Bereits viele Jahre sind es her, dass auch hier der Höhleneingang eingestürzt ist. Die Vermutung, dass man ebenfalls an dieser Stelle versuchte Quellwasser zu fassen, liegt insofern nahe, weil sich wenige hundert Meter von diesem unterirdischen Gang entfernt das ältere Limpachbad, auch Lindbachbad oder Moosbad genannt, befunden hat. Dieses fiel 1746 einem Brand zum Opfer und wurde nachher an anderer Stätte in der Nähe des Wartwaldes bei Uttigen wieder aufgebaut, wo es im Januar 1849 ebenfalls durch Feuer zerstört wurde. Es ist nicht völlig ausgeschlossen, dass die Quellfassung im Fronholzwald mit dem erstgenannten Limpachbad eine Bewandtnis hatte. Sollte dies zutreffen, wofür freilich keine einschlägigen Beweise vorliegen, hätte man einige Anhaltspunkte in Bezug auf die Zeit. Man dürfte dann wohl auf ein Höhlenalter von 200 bis 300 Jahren schliessen.
Vom älteren Limpachbad weiss man, dass es bereits 1654 bestanden hat denn damals weilte hier der legendäre Theologiestudent Theobald Weinzäpfli zur Kur, der im Übermut, wie überliefert ist, zu Pferd beim Münster in Bern über die Plattform hinausritt und wie durch ein Wunder mit dem Leben davonkam. Er amtierte dann von 1665 hinweg während drei Jahrzehnten als Pfarrer in Kerzers.
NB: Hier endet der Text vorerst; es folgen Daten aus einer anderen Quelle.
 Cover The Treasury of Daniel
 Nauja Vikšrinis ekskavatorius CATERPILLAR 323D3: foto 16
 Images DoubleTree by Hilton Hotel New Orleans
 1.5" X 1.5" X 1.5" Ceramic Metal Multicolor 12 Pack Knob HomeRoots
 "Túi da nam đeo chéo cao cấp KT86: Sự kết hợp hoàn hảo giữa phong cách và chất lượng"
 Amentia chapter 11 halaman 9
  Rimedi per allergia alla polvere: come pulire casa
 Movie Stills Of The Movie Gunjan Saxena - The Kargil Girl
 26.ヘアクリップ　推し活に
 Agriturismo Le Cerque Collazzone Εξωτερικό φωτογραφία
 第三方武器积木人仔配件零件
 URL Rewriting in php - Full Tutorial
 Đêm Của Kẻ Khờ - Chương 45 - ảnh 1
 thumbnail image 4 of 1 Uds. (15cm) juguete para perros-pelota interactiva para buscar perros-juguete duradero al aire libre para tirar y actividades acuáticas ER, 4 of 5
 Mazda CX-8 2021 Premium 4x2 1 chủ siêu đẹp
Erst am 12. Mai 1675, also vor bald 300 Jahren, erhielt der Moosbadbesitzer von der bernischen Obrigkeit die Bewilligung, im Limpachbad wirten zu dürfen. Vorher war offenbar der Weinausschank verboten. In diesem Bad, das heute verschwunden ist, fanden sich nicht nur vornehme Gäste aus dem Patriziat und dem Offiziersstand aus Thun und Bern ein, sondern recht öfters auch ausländische Prominenz.
Der Bezug zu Theobald Weinzäpfli und dessen wundersamer Sturz von der Berner Münsterplattform ist ebenfalls bemerkenswert. Diese Sage, die offenbar mehr als eine Sage ist, kannte ich bereits. Wikipedia führt hierzu einen übersichtlichen Eintrag.
Mindestens so interessant ist, dass Albert Jahn von einem unterirdischen Gang in Uetendorf in seinem Artikel «Alterthümer und Sagen in der Umgegend des untern Thunersee’s» berichtet hat: «Von dem am Nordende der Thun-Allmend gelegenen Uetendorf soll, nach Aussage der Landleute, ein unterirdischer Gang nach Uebeschi und den Höfen bei Amsoldingen führen.»